This weeks’s deliberations at the City Council has placed the Ugnayan sa Barangay, a program under the City Mayor’s Office, under scrutiny.

According to its program manager, the program is intended to strengthen City Hall’s links with the barangays. It reportedly had a P31 million budget for this year, which according to an expose by opposition Councilor Jimbo Maristela, was spent in one fell swoop during the first quarter of the year, mainly for the purchase and distribution of rice.

Maristela claimed the rice distribution was used for political campaigning during the elections. City officials have denied the accusation, pointing out that the rice purchases followed audit regulations and that the utilization of the funds was justified and above board.

Regardless of the flak being received by the current administration on social media over this controversy, it is a matter properly under the jurisdiction of the Commission on Audit to probe and evaluate.

Maristela’s expose, however, raises important concerns about policy and how the city governments should “ugnay” or link with the barangays and capacitate them, as it vows to do. What has been missing in the explanation and justification so far made by City Hall officials is the overarching rationale of the Ugnayan sa Barangay program.

There is a huge disconnect between the objective of empowering barangays and handing out rice as doleout to random constituents. Such unclarity of purpose lends credence to observations that the program is a mere budget item intended to empower not the barangays but instead the sitting administration who may use the funds for leverage.

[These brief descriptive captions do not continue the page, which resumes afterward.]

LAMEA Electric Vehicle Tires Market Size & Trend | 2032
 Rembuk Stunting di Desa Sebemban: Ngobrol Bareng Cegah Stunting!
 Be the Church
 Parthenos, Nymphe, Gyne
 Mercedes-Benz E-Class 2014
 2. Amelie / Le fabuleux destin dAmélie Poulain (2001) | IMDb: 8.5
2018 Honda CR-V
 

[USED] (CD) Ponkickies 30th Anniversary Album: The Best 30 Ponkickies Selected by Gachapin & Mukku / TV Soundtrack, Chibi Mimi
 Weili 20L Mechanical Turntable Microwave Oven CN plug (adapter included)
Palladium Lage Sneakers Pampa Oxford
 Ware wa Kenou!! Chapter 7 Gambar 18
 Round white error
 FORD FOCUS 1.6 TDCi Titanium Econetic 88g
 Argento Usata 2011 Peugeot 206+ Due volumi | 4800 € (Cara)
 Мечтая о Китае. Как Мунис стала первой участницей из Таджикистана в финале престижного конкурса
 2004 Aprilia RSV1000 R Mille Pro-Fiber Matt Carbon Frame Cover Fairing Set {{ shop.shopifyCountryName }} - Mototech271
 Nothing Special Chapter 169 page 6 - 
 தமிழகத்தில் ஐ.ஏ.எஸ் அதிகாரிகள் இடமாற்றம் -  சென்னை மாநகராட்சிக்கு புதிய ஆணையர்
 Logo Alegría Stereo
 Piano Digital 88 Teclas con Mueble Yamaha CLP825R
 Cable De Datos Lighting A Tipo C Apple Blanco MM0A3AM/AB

With practically its entire budget allocated for rice distribution to random beneficiaries, the Ugnayan sa Barangay has no funding set aside for actual capacity building. A crappy program design as it is, it isn’t even clear if this important component is covered by other programs of the city government.

The City Council last week approved a supplemental fund that set aside a fresh P20 million funding for the Ugnayan program. With what has happened so far under this program, it should be incumbent upon the City Council to perform its mandated oversight function on the program.

With the recent elections just passed, it is an opportunity for the members of the City Council to set aside partisan political considerations and contribute to the crafting of more robust interventions and initiatives that will really capacitate the least empowered sectors of our community. More than providing rice and influencing political decisions in the barangays, such funding resources could be utilized for such noble intentions.